TRY IT
Transcribe exactly, and only, the lines from the one with "塑木百葉窗建筑墻幕應用" through the end of the records below, including both of those lines. Skip all pictures.

# # # # # # #

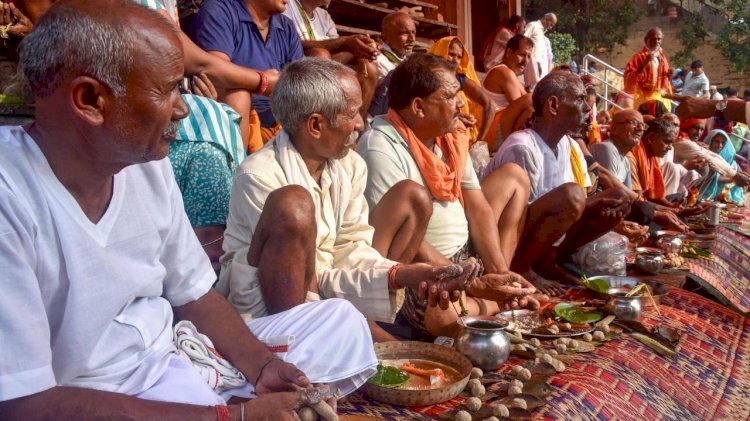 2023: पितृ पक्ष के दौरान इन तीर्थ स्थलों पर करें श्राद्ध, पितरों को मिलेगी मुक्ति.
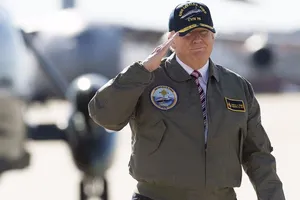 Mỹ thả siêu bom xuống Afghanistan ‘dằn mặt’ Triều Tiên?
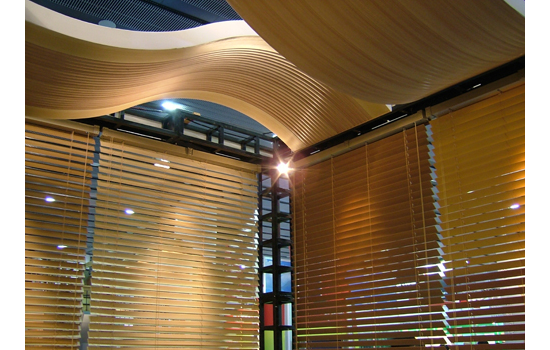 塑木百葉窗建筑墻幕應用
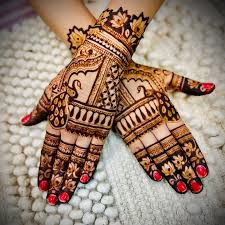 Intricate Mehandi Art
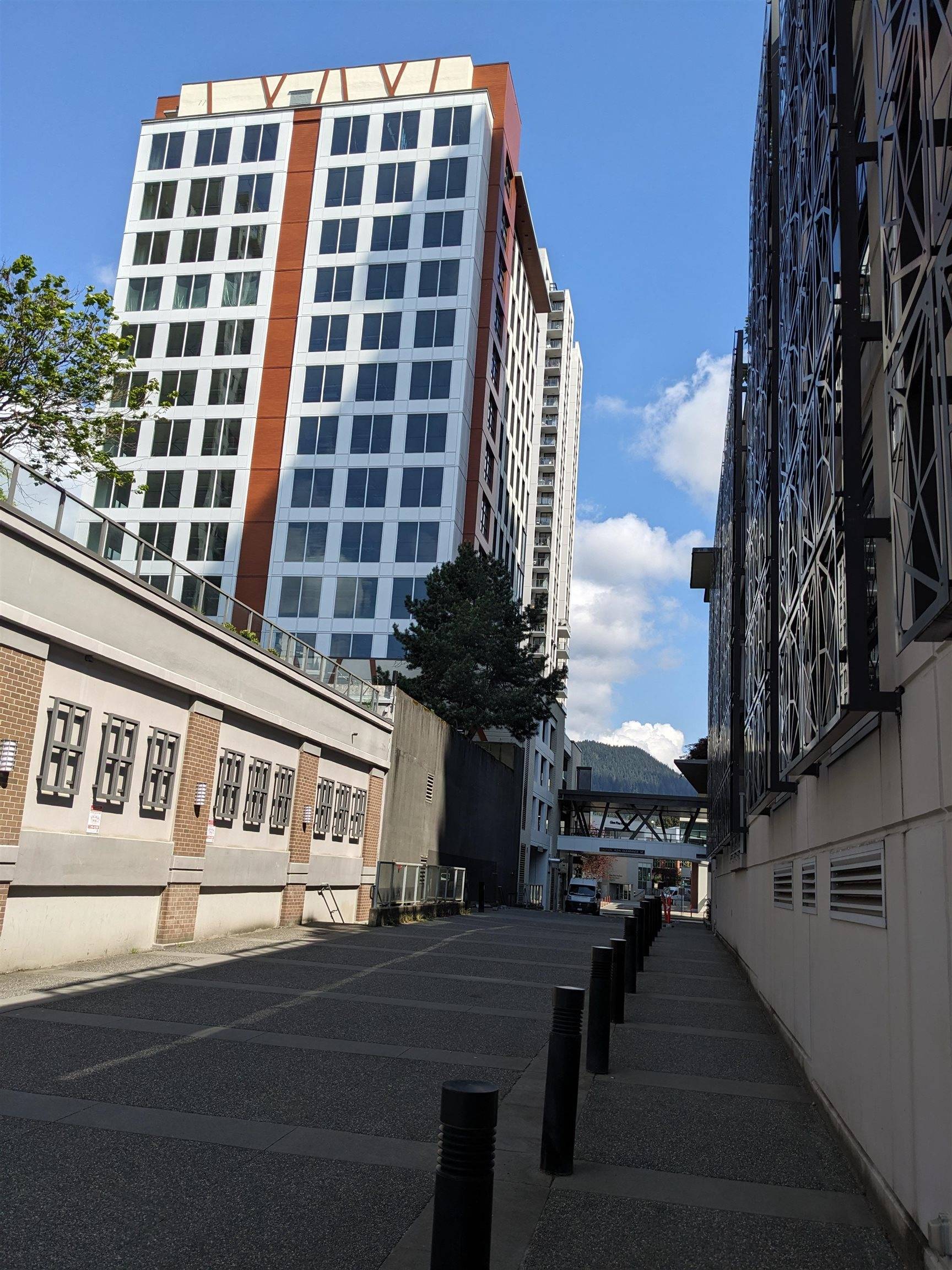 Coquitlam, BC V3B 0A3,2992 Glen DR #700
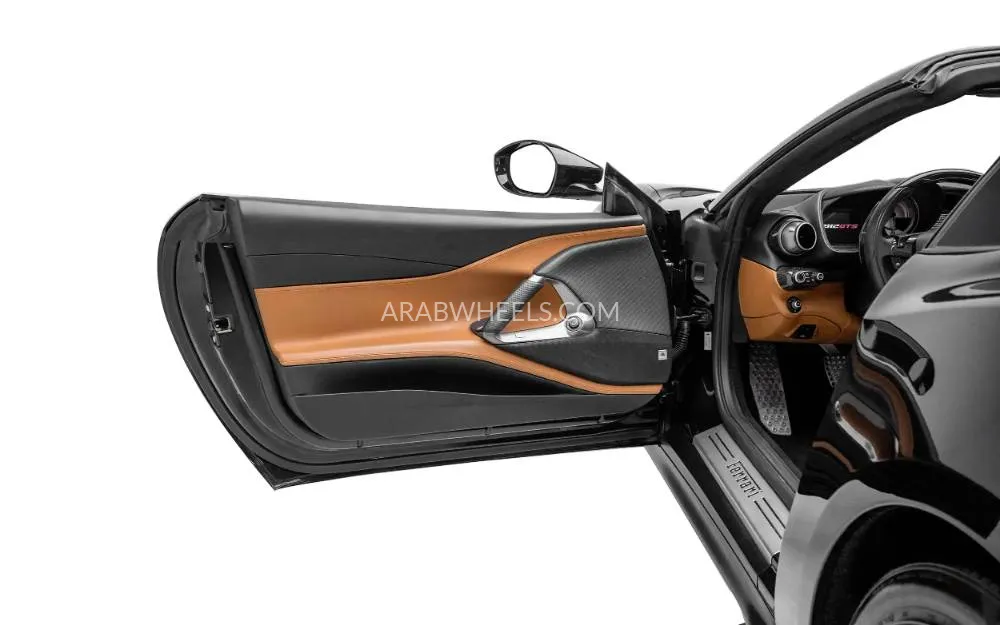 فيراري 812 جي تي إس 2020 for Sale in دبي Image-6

# # # # # # #

COMPLETED EXERCISE
 塑木百葉窗建筑墻幕應用
 Intricate Mehandi Art
 Coquitlam, BC V3B 0A3,2992 Glen DR #700
 فيراري 812 جي تي إس 2020 for Sale in دبي Image-6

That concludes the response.